Most systems here are on wells and do not have double checks or backflow preventers. There is usually a main shut off valve in a round box that's 2 to 4 feet down. Many have went to the glue-in plastic ball valves with the red handle, they seem to work well but if someone breaks off the ears on the handle you are boned...
The other valves are usually brass threaded gate valves, they are pretty unrelieable, either they won't close tight, the stem leaks, or the handle rusts and comes off.
Brass ball valves work the best, but the long handles on those have to be either bent or cut to fit into a 4" pipe. Many Iv'e seen the handle was galvinized steel and in a few years the handle has rusted and dosn't work right too.

So what do the pro's use?

BTW, this is a 1" or 1 1/4" valve, less than 20 gpm. Would only be turned off for winter then back on again for spring.

Wet_Boots
02-08-2006, 10:59 AM
Use a quarter-turn 'curb stop' valve, like is used for city water service. Nothing to rust. You need to get a curb-stop key to operate them.

Dirty Water
02-08-2006, 08:02 PM
http://www.fordmeterbox.com/media/BMV1.jpg

Brass Ford Ball valves. Best ball valve on the market.

PurpHaze
02-08-2006, 09:04 PM
That's basically the same as the curb stop Boots was mentioning.

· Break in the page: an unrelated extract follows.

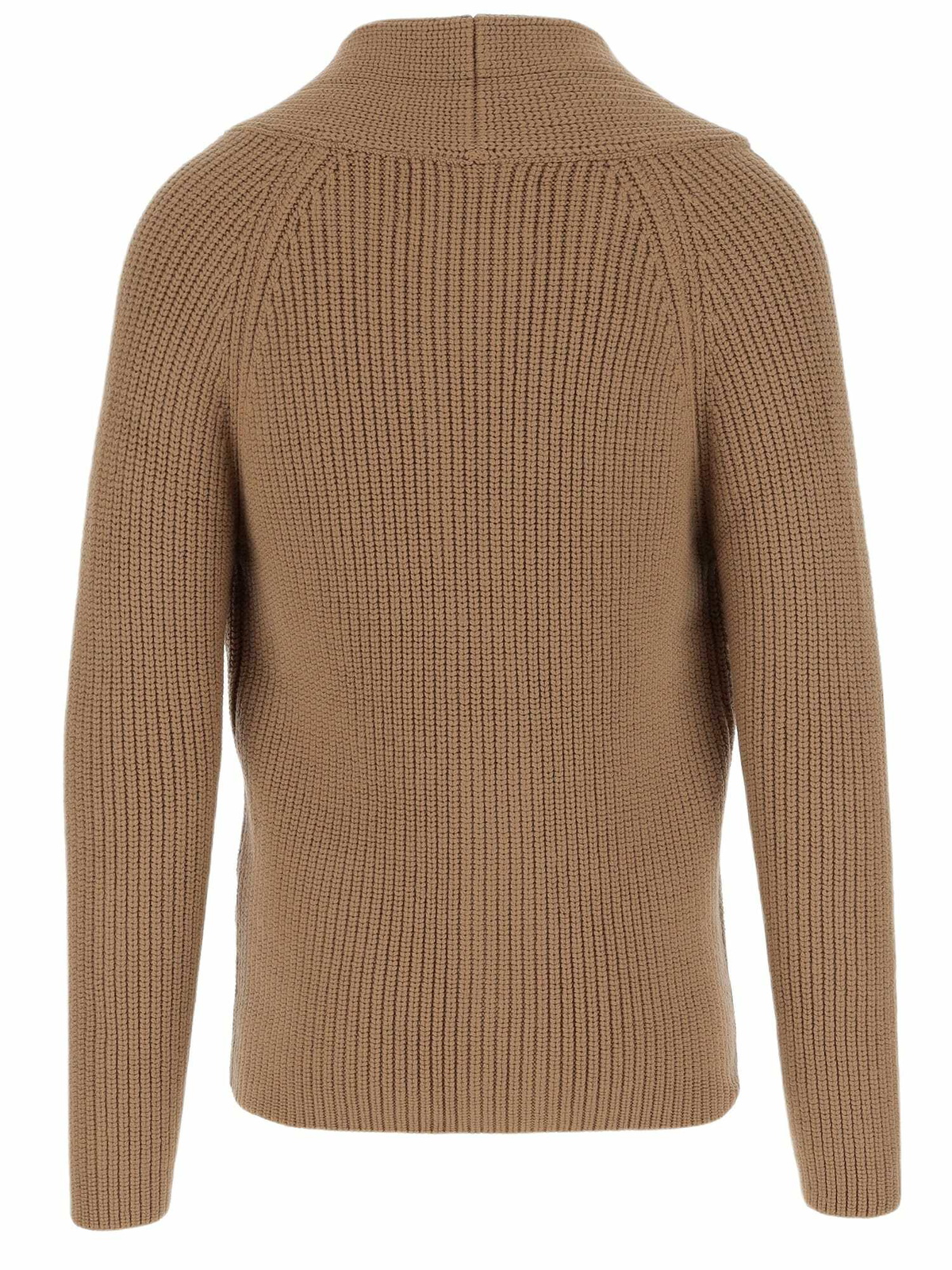 Tagliatore Jackson Stretch Wool Cardigan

Now, you want to talk BIG (3" and up), good and expensive valves the resilient wedge gate valve (sometimes called a fire main valve) can't be beat. It's what a lot of water companies in our area use as street isolation valves and for iso valves on fire hydrants. Takes the 2-1/4" square water key and they come in different lengths and even telescoping ones.

Jason Rose
02-08-2006, 09:14 PM
Will Ewing Irrigation have curb stop valves? I wonder why I have never seen one of those used for irrigation? Price, I would assume? 10 bucks for a brass gate valve, 6 for a plastic ball valve and $50? for the curb stop...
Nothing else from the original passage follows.